I need some rich guy shit like this in my life:

I’d definitely want to take a few classes with it, just to stunt on the poors with Glocks and Wilson Combat 1911s.  Then everyone would make fun of me for likely having tons of classic 1911 jams with it, but I’d roll with the punches and call up the chef to cater lunch for the class just as an apology for putting up with my typical bullshit.

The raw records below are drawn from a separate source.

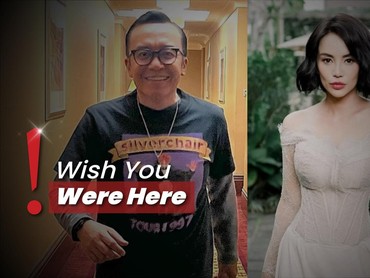 img-title Ari Lasso Makin Bucin, Dearly Joshua Ungkap Panggilan Sayangnya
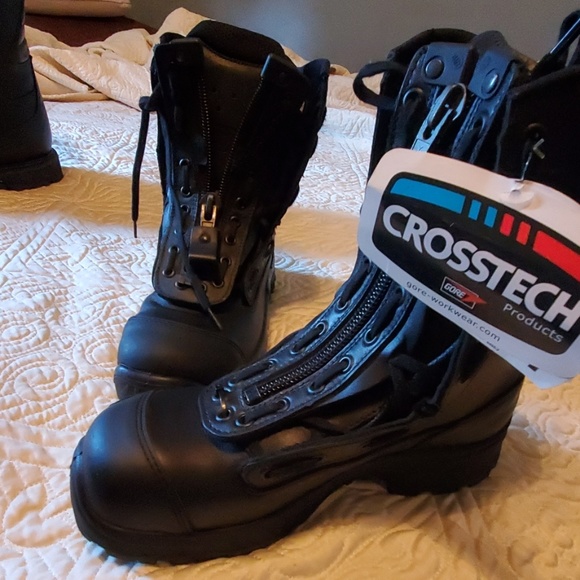Crosstech Other - ⚡🔥FLASH SALE ⚡🔥Crosstech work boots
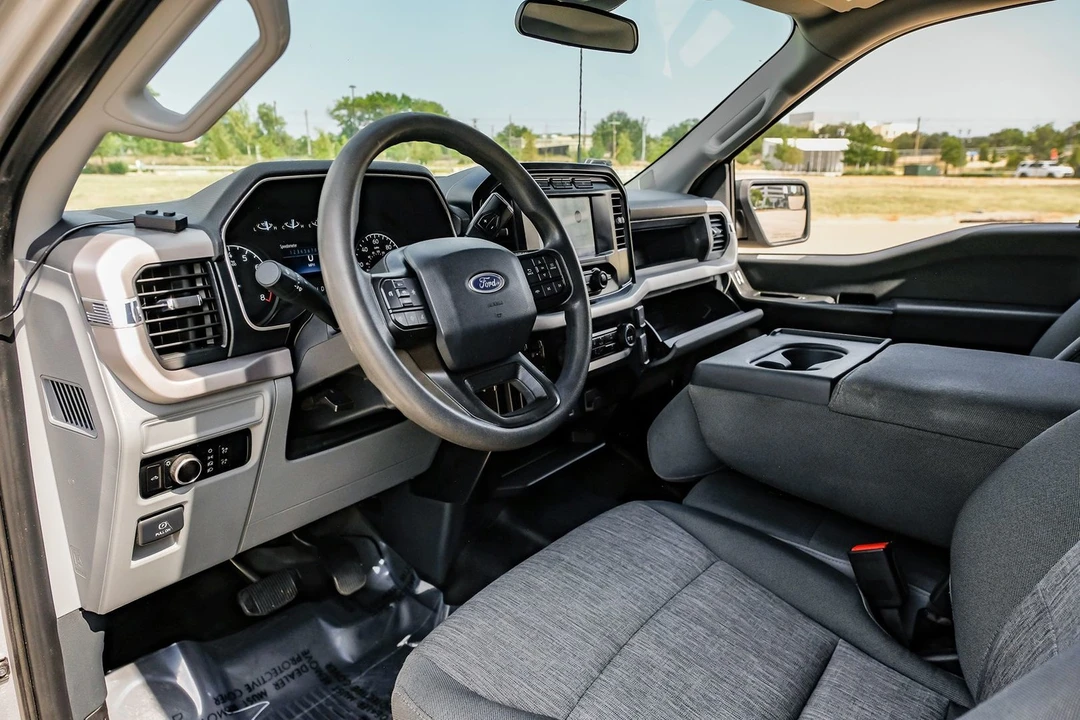 2023 Ford F-150 14th Gen - Image 4 of 31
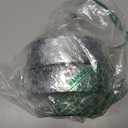 3Pcs Stainless Steel Dog Bowls Set - Non-Slip Food and Water Bowl 13 Oz - Dishwasher-Safe, Rust Resistant Metal Pet Bowls for Small/Medium/Large Sized Pets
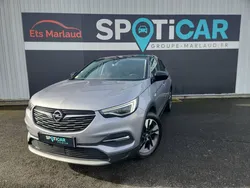 OPEL Grandland X 1.5 Diesel 130 ch Elite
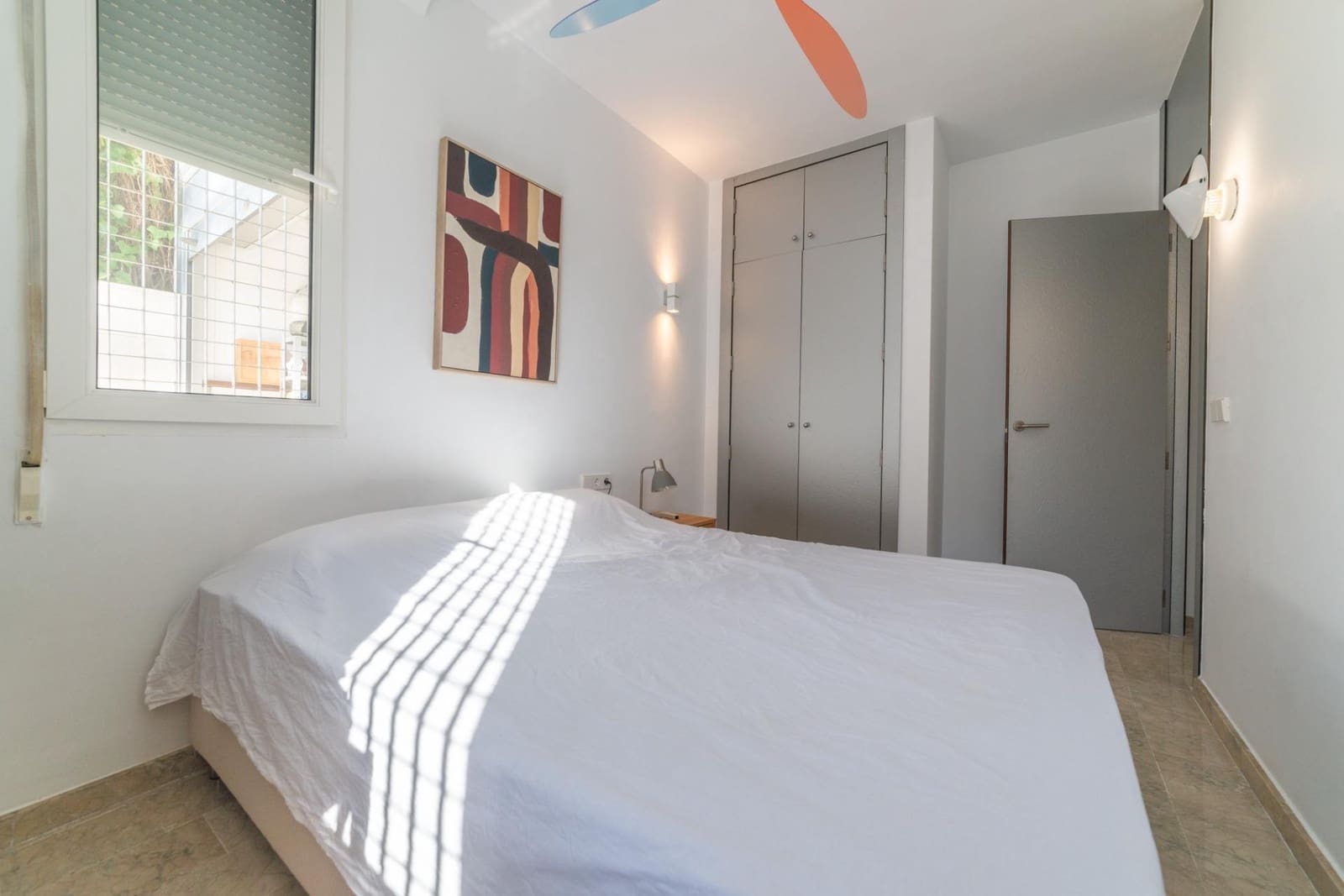 4 makuuhuone Huvila myytävänä paikassa Santiago de la Ribera mukana uima-altaan 
autotalli - 569 000 € (Ref: 9282114)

I feel like a lot of rich guys are so cultured and educated they could probably quote their favorite part of Dante’s inferno (in Italian). If you’ve been to any of the major museums in the world, there’s normally at least a few Dante’s Inferno inspired paintings, which btw are typically terrifying looking. Sure they are incredibly detailed and artistically everything about them is amazing, but you’d have to be a serial killer to want something so grotesque in your actual home. I’m more into the nouveau riche stuff like Kaws, George Condo, Roy Lichtenstein, Warhol, Basquiat etc. My other other exposure to Dante’s Inferno is at the end of the Action Bronson song CHOP CHOP CHOP where he samples this old Italian guy reading it haha.  Because I feel the need to always shove rap in your face here’s the song:

Thoughts? You fellas ever wish you hadn’t seen someone in concert, and could just appreciate their music like you used to?  I still like Action Bronson’s music a lot, but when he came to Portland he played like 3 songs.  The lineup for beer was huge and slow moving, and once we finally got some the lights went on and the concert was over.  I can’t stand things like that.  I think that might even even been the last rap concert I went to (and that was more than a few years ago).

I should probably mention Cabot makes the 1911, if anyone actually cares.